To summarise \(H_s\) trends for each sub-basin, we pooled together all the findings on mean, median (p50), and modal \(H_s\), deemed representative of mean climate conditions. On the other hand, results for percentiles higher than 90th and annual maxima \(H_s\) were considered jointly and referred to as extreme sea states (see Fig. 4; a similar approach is used by Ratsimandresy et al. 2008). Note that the ith percentile is henceforth shortened to pi (e.g. the 90th percentile is indicated as p90). We retained trends arising from both annual and monthly series; although the latter may be affected by seasonal periodicity, this is usually filtered out using appropriate metrics, such as seasonal-MK; in this respect, see e.g. Young and Ribal (2019), who claimed that trends of monthly series can be extended to annual statistics.
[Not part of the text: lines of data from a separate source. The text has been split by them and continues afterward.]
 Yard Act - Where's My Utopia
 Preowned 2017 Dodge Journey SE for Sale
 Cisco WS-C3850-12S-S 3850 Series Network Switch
As for trends on seasonal subsets, we only retained those computed for extreme sea states over winter months, as these are representative of yearly extremes in the MS. By contrast, trends on seasonal mean such as in Timmermans et al. (2020) cannot be directly compared to annual statistics. In case of studies presenting analysis at both yearly and seasonal results (Zacharioudaki et al. 2015; Caloiero et al. 2022), we only considered the former. As for the significance of trends, we consider that a significant trend is present in a sub-basin if this is detected in any area regardless of its extension. While this approach may overestimate the number of articles finding trends at given basins, it allows for a quick assessment and to refine the analysis in hot-spots if needed.

Fig. 4
figure 4

Number of occurrences of \(H_s\) statistics employed for trend detection and quantification in the literature reviewed. Black, grey, and white bins denote annual, seasonal, and monthly statistics, respectively. \(H^{100}\) indicates 100 years return period wave (Young et al. 2012)

3 Significant wave height trends

3.1 Global analysis

Studies examining global-scale trends employed VOS (Volunteer Observing Ships), satellite altimetry data, and numerical results with resolutions ranging from \(0.25^{\circ }\) to \(4^{\circ }\) in both latitude and longitude, which corresponds to approximately 25 km to 400 km at the MS latitudes (see Table 1). Inevitably, this has an impact on the resolution of the results for the sub-basins. Besides, time-series related to nearby locations are often pooled together, potentially adding further uncertainty to the trend estimates.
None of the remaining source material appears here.